### [Task requirements]
Apart from the pictures, print the data below exactly as given.

[Records for the exercise Boundary: Start]

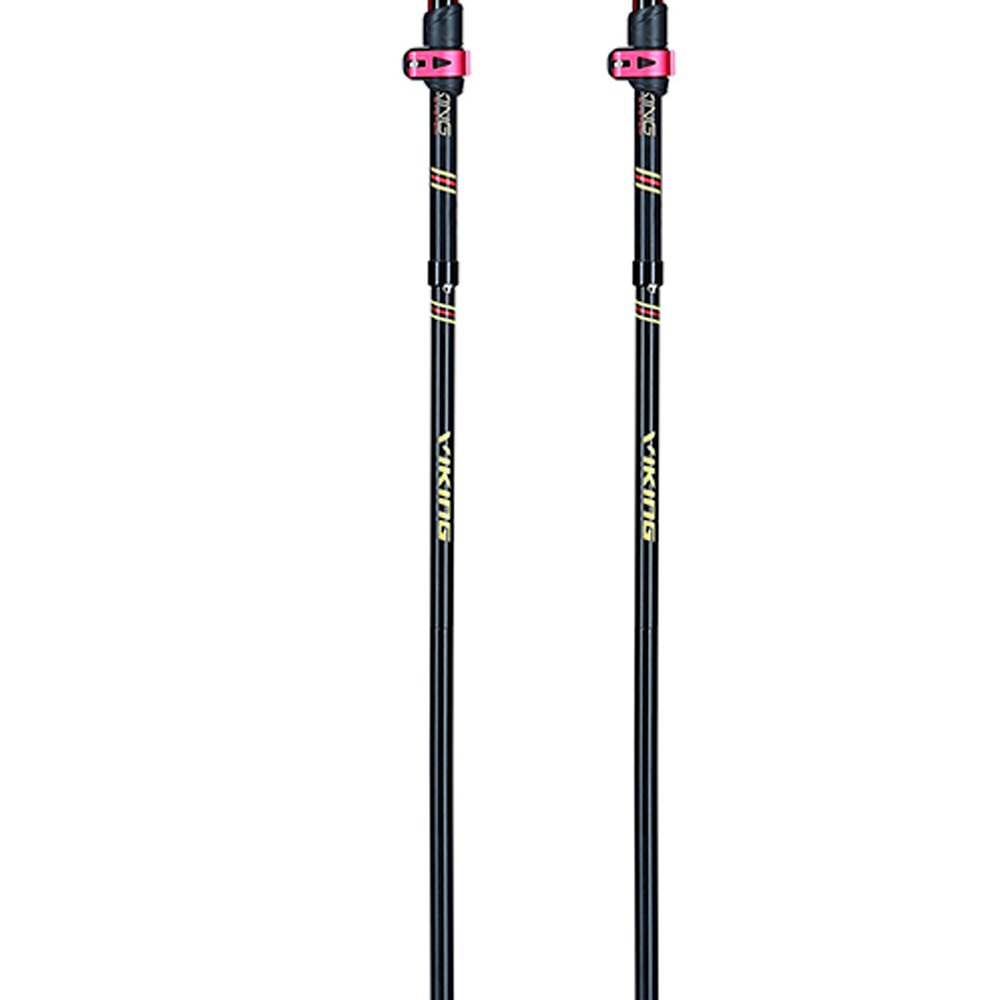 Купить Viking 610/25/7713/0946/UNI столбы Kettera Pro  Black / Fuchsia 7ft.ru в интернет магазине Семь Футов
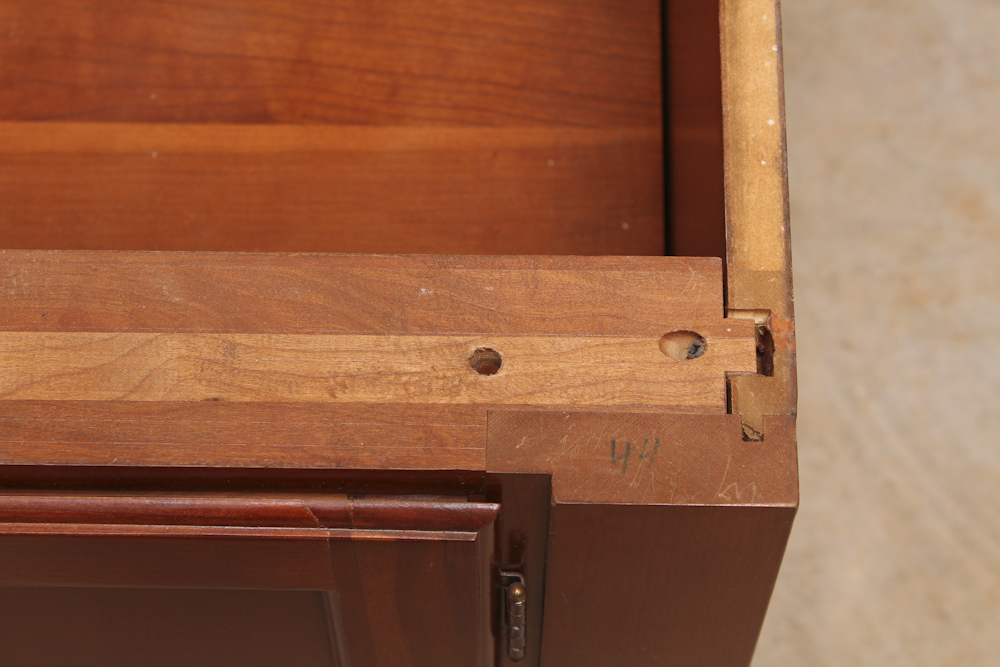 Ethan Allen Entertainment Center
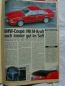 Preview: Auto Bild 41/1987 Golf syncro,M635CSi E24,AVA Roadster K1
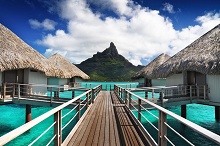 Le Meridien Bora Bora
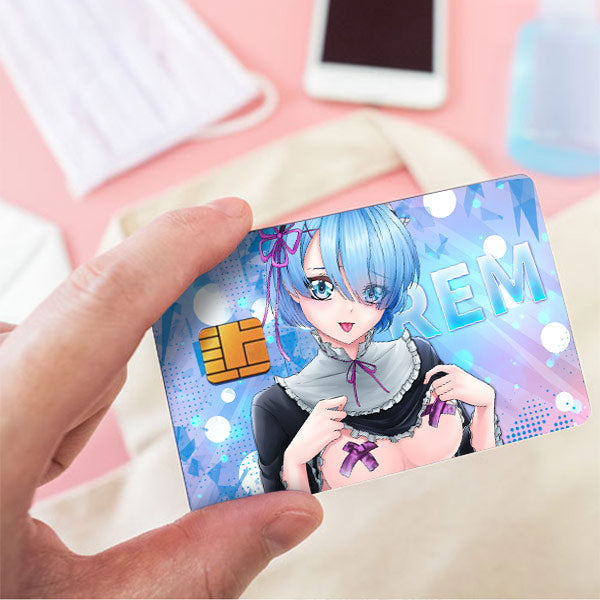 Flashing Cutie Rem CC Skinz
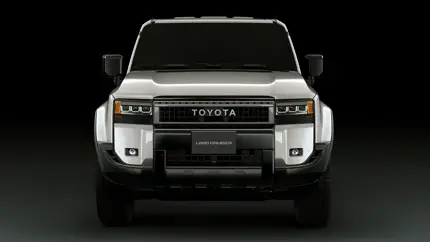 В России запустили продажи новых внедорожников Toyota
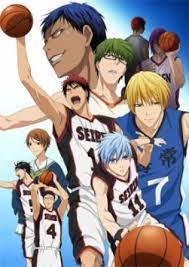 Kuroko no basket 3rd season. Kuroko No Basuke Season 3 Air Dates Countdown
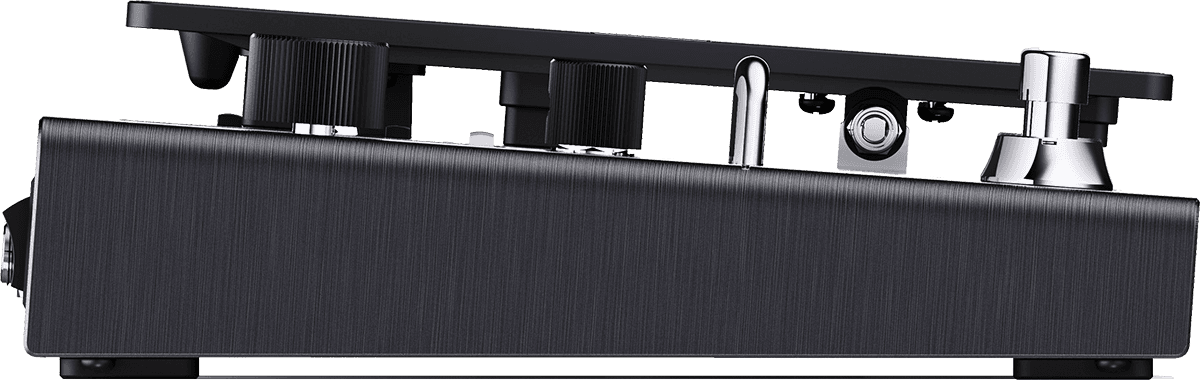 NUX MG30 Modeler Multieffektgerät mit Expressionpedal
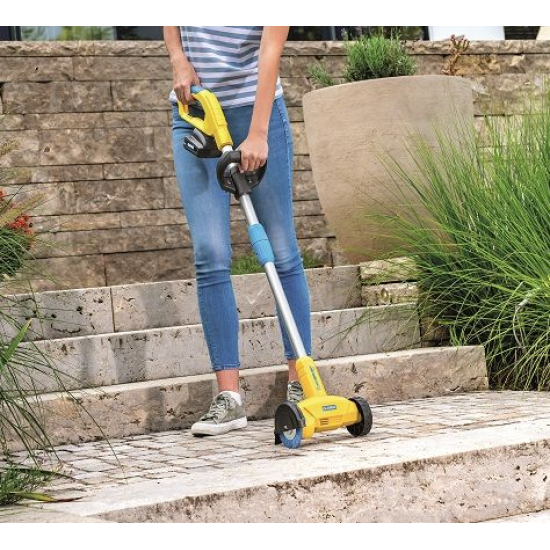 Weedbrush Voegenborstel Gloria Li-on Bosch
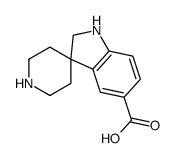 SPIRO[INDOLINE-3,4'-PIPERIDINE]-5-CARBOXYLIC ACID picture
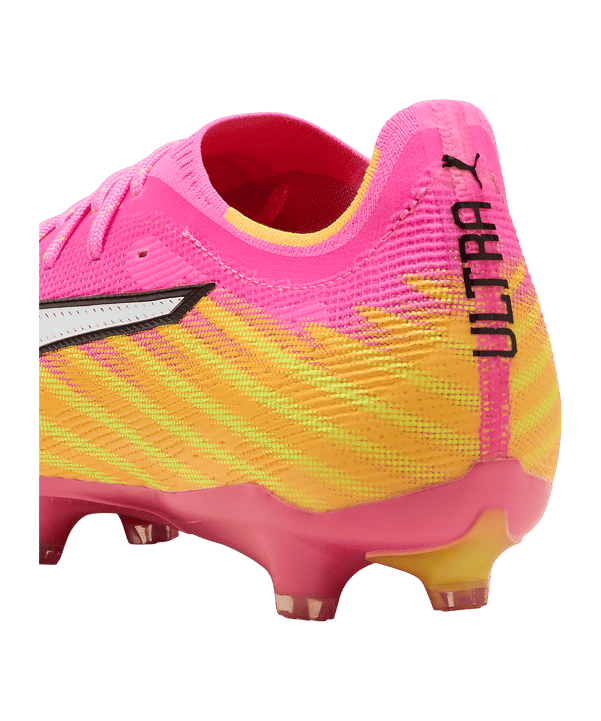PUMA ULTRA 6 Pro FG/AG Showtime Rosa F05 - rosa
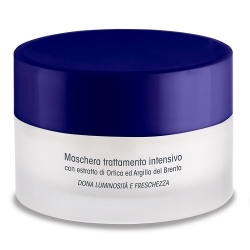 L'Amande Marseille Linea Viso Maschera Trattamento Intensivo 50ML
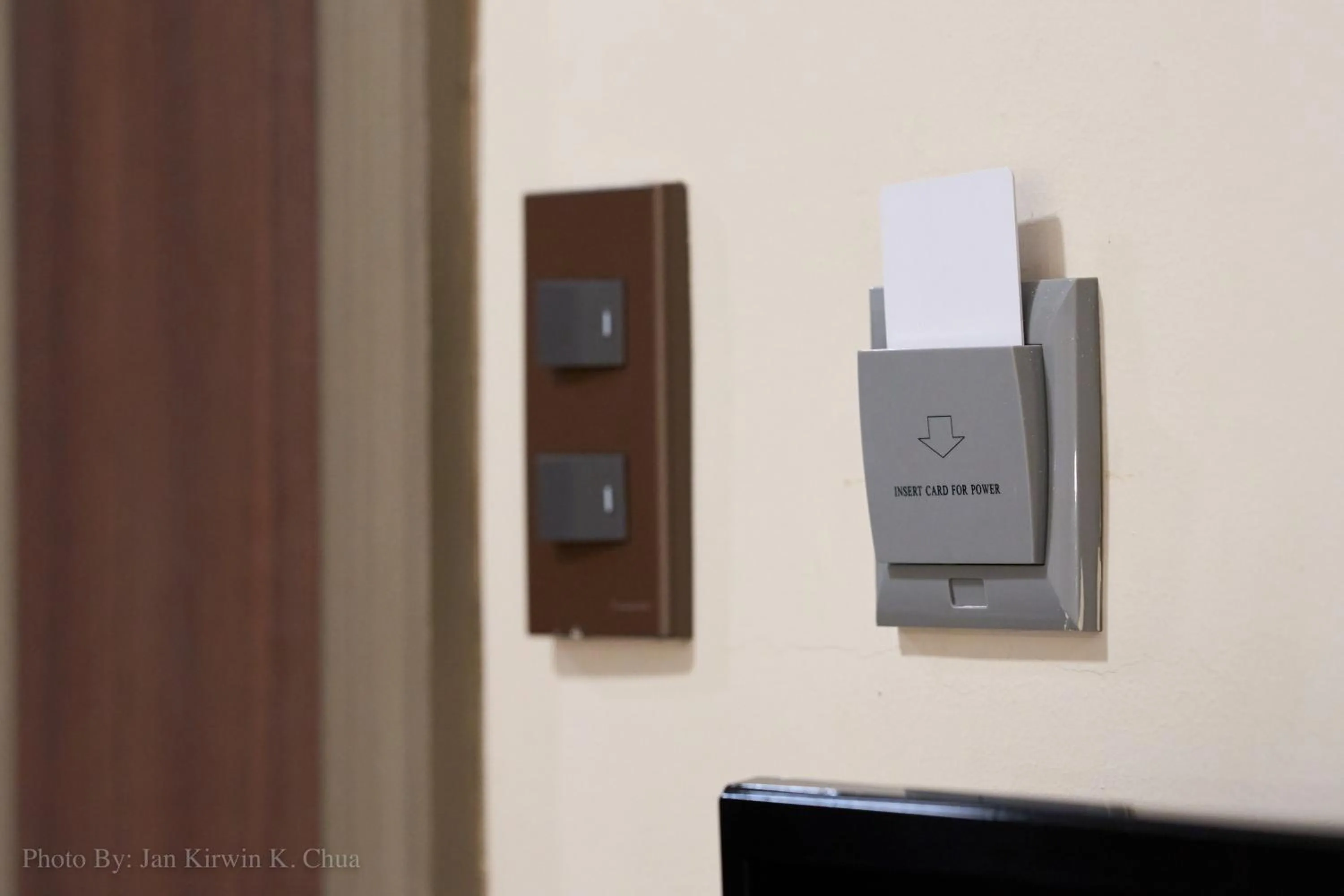 Decorative detail in Griffin Hotel and Suites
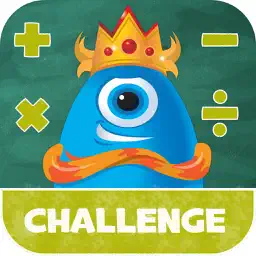 Math Champ Challenge (Common Core Standards) app icon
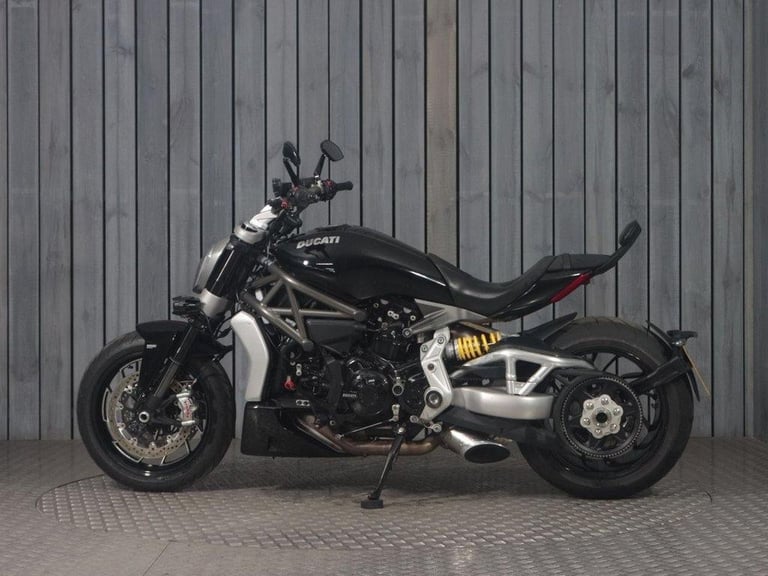 2017 17 DUCATI XDIAVEL S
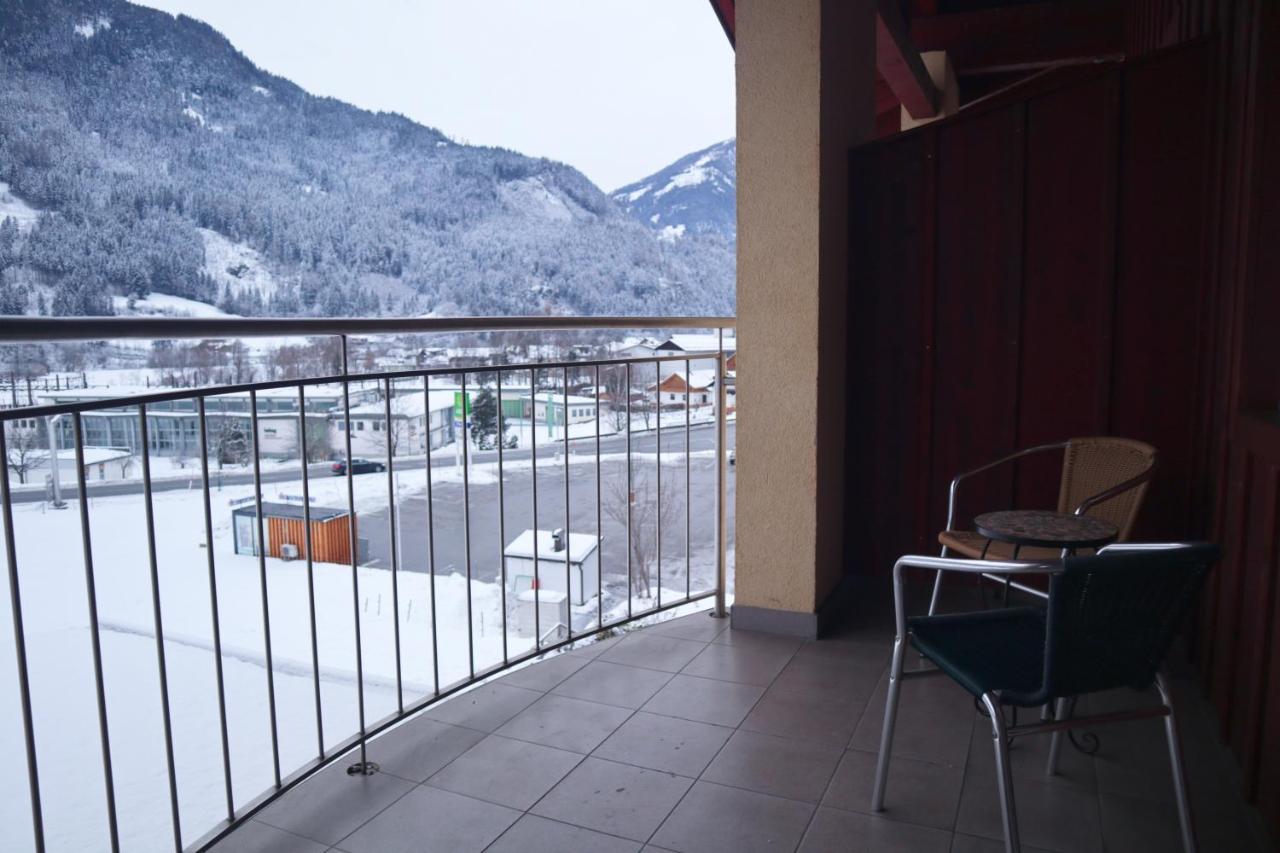 Apartment Moelltaler Gletscher 6 Ausserfragant المظهر الخارجي الصورة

[Records for the exercise Boundary: End]

### [Finished task]
 Купить Viking 610/25/7713/0946/UNI столбы Kettera Pro  Black / Fuchsia 7ft.ru в интернет магазине Семь Футов
 Ethan Allen Entertainment Center
 Preview: Auto Bild 41/1987 Golf syncro,M635CSi E24,AVA Roadster K1
 Le Meridien Bora Bora
 Flashing Cutie Rem CC Skinz
 В России запустили продажи новых внедорожников Toyota
 Kuroko no basket 3rd season. Kuroko No Basuke Season 3 Air Dates Countdown
 NUX MG30 Modeler Multieffektgerät mit Expressionpedal
 Weedbrush Voegenborstel Gloria Li-on Bosch
 SPIRO[INDOLINE-3,4'-PIPERIDINE]-5-CARBOXYLIC ACID picture
PUMA ULTRA 6 Pro FG/AG Showtime Rosa F05 - rosa
 L'Amande Marseille Linea Viso Maschera Trattamento Intensivo 50ML
 Decorative detail in Griffin Hotel and Suites
 Math Champ Challenge (Common Core Standards) app icon
 2017 17 DUCATI XDIAVEL S
 Apartment Moelltaler Gletscher 6 Ausserfragant المظهر الخارجي الصورة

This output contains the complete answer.